Input material START

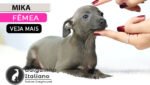 galgo italiano filhote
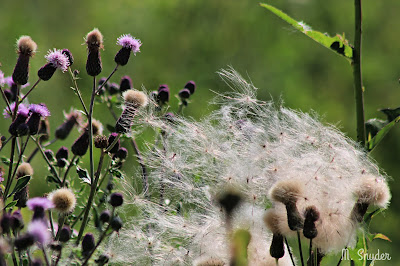 August 9, 2019 Noticing that the weather was changing.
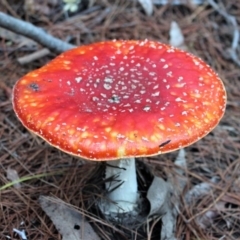 Amanita muscaria (Fly Agaric) at Coree, ACT - 10 May 2020 by Sarah2019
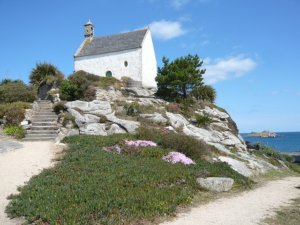 Prestations touristiques port de Roscoff croisière BLB CRUISES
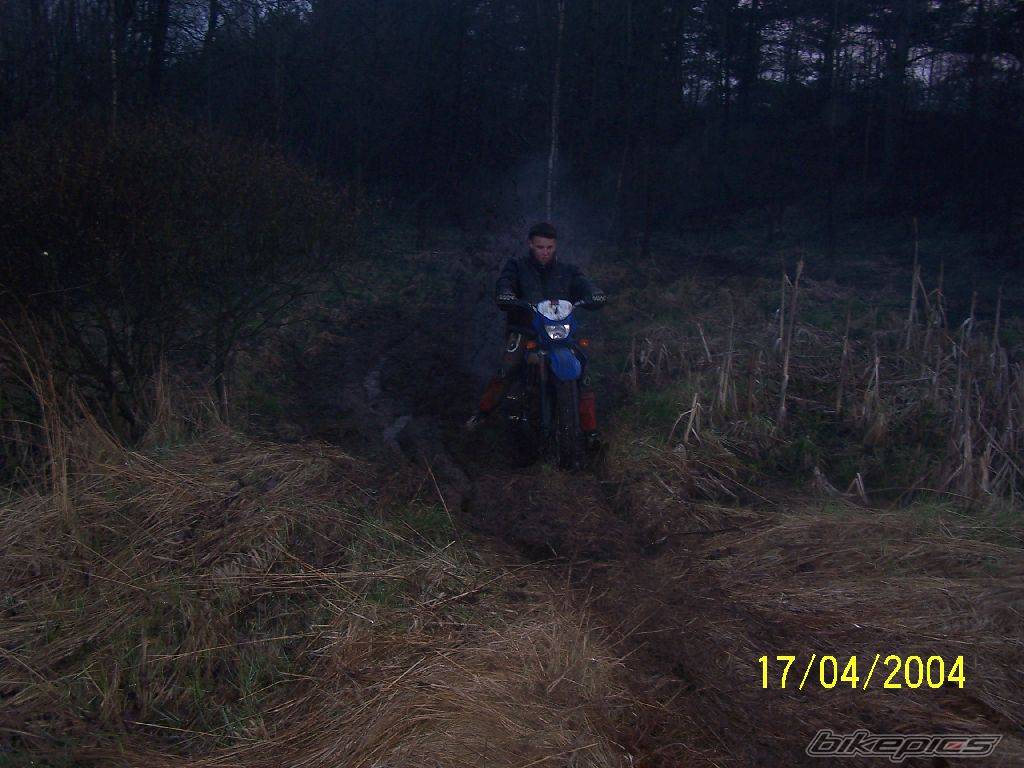 Photo 308307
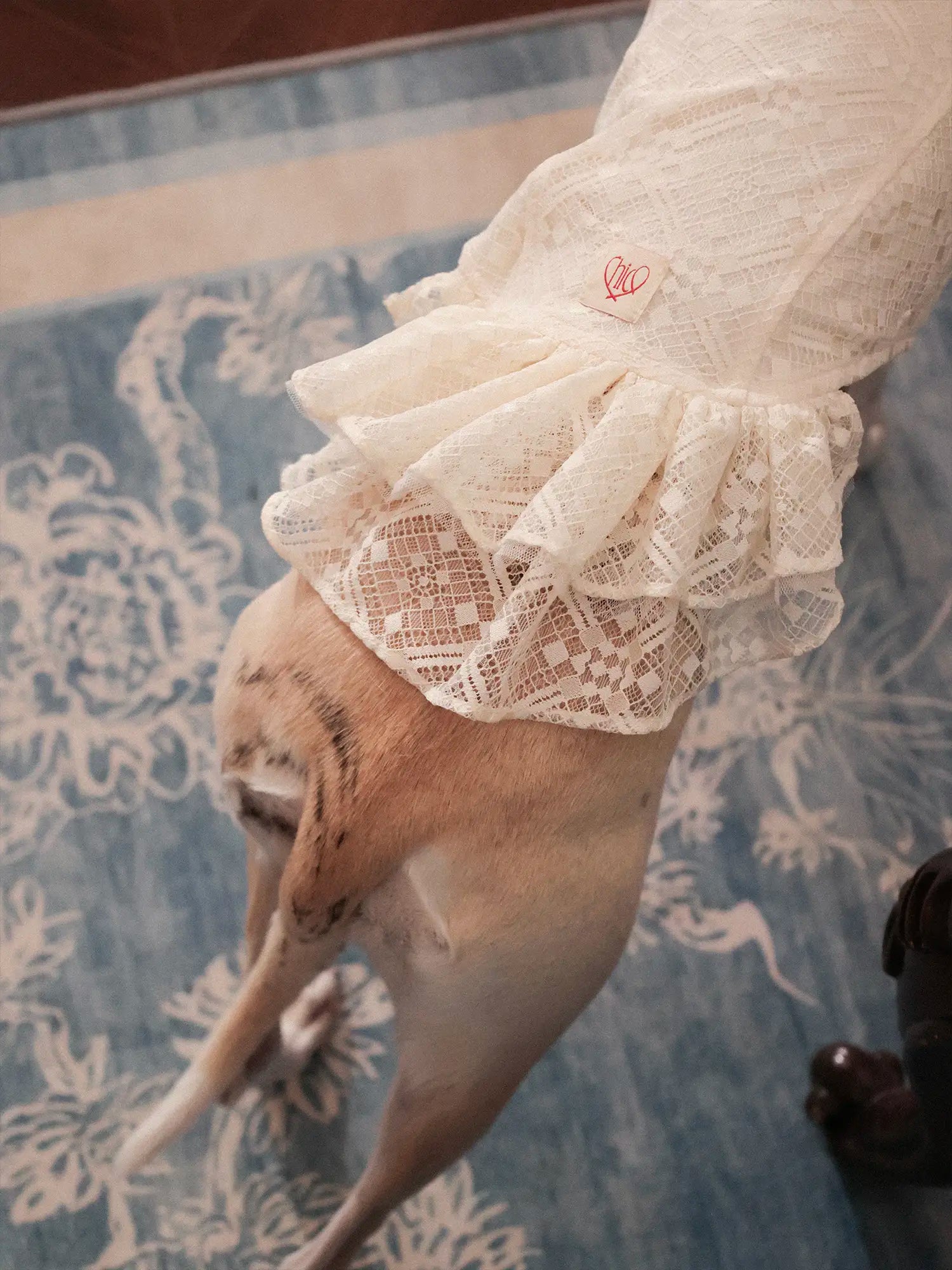 π³πππ | Chinoiserie skirt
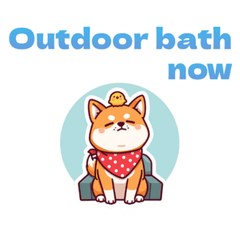 Ultimate Sauna Life Shiba Inu Reacts 3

Input material END

*What you are asked to do*. Nothing but an exact transcription of the material, without pictures, should be returned.

*Answer*.
 galgo italiano filhote
 August 9, 2019 Noticing that the weather was changing.
 Amanita muscaria (Fly Agaric) at Coree, ACT - 10 May 2020 by Sarah2019
 Prestations touristiques port de Roscoff croisière BLB CRUISES
 Photo 308307
 π³πππ | Chinoiserie skirt
 Ultimate Sauna Life Shiba Inu Reacts 3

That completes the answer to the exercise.